Cerpen
Nurdin Sambo

Nurdin Sambo

NAMA saya Nurdin Sambo. Siapa pula yang tidak mengenal saya. Semua orang tahu bahwa saya ini tak lain dan tak bukan adalah patriot, pejuang dan pembela negeri dan tanah air ini. Buku-buku sejarah perlu mencatat itu. Mengapa tidak? Dulu, di zaman Pak Harto, ketika upacara akan dimulai pada Pk. 09.00, sejak Pk. 08.00 saya sudah berada di lapangan.

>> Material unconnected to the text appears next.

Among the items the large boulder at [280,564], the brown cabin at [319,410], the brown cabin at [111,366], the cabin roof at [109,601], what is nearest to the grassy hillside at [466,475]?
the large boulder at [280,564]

Tentu saja saya merasa senang jika Sekjen Partai Kantosa (Karya Sentosa) melihat keberadaan saya yang sudah datang sebelum yang lainnya. Lalu, bagaimana jika Pak Sekjen tidak melihat? Biarlah, tidak apa-apa, karena bagaimanapun saya ini adalah militan sejati, dan saya sepakat dengan pernyataan banyak pengamat melalui siaran televisi, bahwa upacara pengibaran bendera merah-putih pada hari kemerdekaan RI, adalah peristiwa bersejarah yang tak boleh dilupakan oleh siapa pun.

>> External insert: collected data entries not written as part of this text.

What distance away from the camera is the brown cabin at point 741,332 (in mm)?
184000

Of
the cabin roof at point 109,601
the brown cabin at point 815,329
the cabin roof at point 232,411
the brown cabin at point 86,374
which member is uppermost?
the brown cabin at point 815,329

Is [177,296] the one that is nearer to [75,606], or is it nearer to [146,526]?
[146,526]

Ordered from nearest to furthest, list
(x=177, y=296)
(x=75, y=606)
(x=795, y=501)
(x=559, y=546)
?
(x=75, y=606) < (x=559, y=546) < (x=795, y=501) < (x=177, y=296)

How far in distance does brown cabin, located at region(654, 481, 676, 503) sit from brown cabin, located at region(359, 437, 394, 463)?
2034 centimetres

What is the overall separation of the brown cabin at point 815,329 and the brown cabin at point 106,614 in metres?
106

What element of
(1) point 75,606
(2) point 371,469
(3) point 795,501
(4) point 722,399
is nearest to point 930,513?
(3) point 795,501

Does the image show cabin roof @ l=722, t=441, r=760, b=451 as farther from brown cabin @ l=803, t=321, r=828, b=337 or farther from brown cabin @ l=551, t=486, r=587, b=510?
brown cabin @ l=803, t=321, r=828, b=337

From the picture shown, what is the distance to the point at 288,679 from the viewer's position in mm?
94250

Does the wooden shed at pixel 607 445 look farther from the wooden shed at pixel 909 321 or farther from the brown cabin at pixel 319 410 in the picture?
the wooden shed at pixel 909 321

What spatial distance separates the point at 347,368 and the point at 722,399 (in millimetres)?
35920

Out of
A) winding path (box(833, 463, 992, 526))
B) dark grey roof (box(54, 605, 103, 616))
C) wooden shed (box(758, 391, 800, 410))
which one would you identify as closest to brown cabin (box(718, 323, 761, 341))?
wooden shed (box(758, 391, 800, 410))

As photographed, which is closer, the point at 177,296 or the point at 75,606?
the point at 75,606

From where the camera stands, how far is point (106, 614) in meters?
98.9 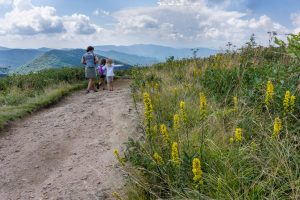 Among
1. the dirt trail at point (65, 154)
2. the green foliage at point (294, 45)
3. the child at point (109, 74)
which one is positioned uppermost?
the green foliage at point (294, 45)

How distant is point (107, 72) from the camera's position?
14.7 meters

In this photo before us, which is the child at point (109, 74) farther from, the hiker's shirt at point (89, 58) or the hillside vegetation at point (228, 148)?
the hillside vegetation at point (228, 148)

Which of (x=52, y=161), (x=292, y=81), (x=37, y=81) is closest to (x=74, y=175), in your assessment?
(x=52, y=161)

Sekali lagi saya nyatakan bahwa saya adalah Nurdin Sambo, dan jangan macam-macam dengan saya. Sebab, saya sudah mengabdikan diri menjadi pembela Orde Baru selama bertahun-tahun. Boleh dibilang, saya termasuk ujung-tombak garda depan bagi keamanan dan ketertiban nasional negeri ini. Selama puluhan tahun saya memimpin Gerakan Pemuda Orde Baru (GPOB), tak ada yang berani macam-macam dengan GPOB. Tak ada lagi Gerakan Pengacau Keamanan, tak ada lagi Organisasi Tanpa Bentuk, tak ada lagi ekstrim tengah, karena semuanya itu telah kami tumpaskan sampai ke akar-akarnya.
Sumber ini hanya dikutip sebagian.